### Given data
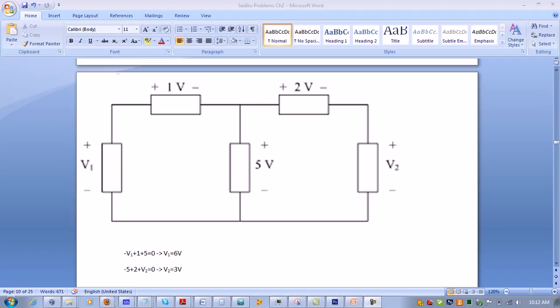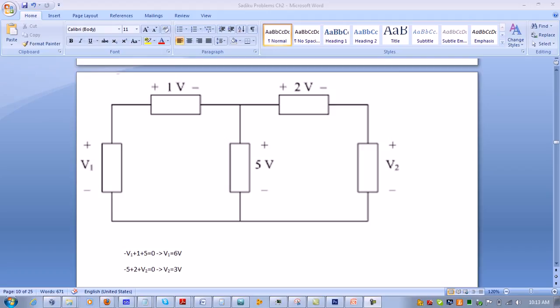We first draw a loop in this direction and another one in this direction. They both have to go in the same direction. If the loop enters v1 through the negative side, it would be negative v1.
...
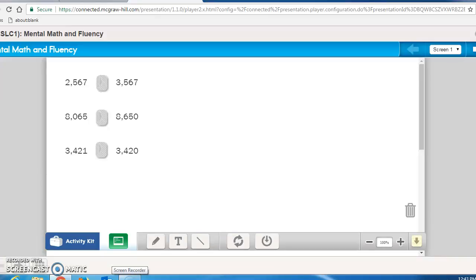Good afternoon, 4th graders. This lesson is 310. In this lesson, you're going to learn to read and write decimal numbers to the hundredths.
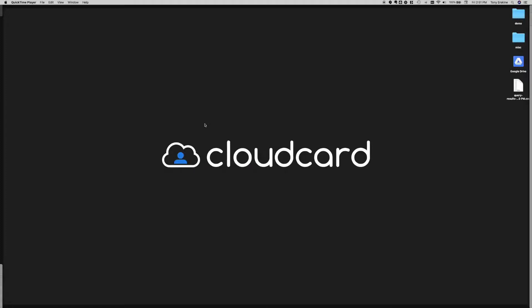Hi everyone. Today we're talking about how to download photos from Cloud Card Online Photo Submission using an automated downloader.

### Work to complete
Give exactly the lines above that run from the line with "Good afternoon, 4th" to the line with "Hi everyone. Today", both included, leaving every picture out.

### Expected answer
Good afternoon, 4th graders. This lesson is 310. In this lesson, you're going to learn to read and write decimal numbers to the hundredths.
Hi everyone. Today we're talking about how to download photos from Cloud Card Online Photo Submission using an automated downloader.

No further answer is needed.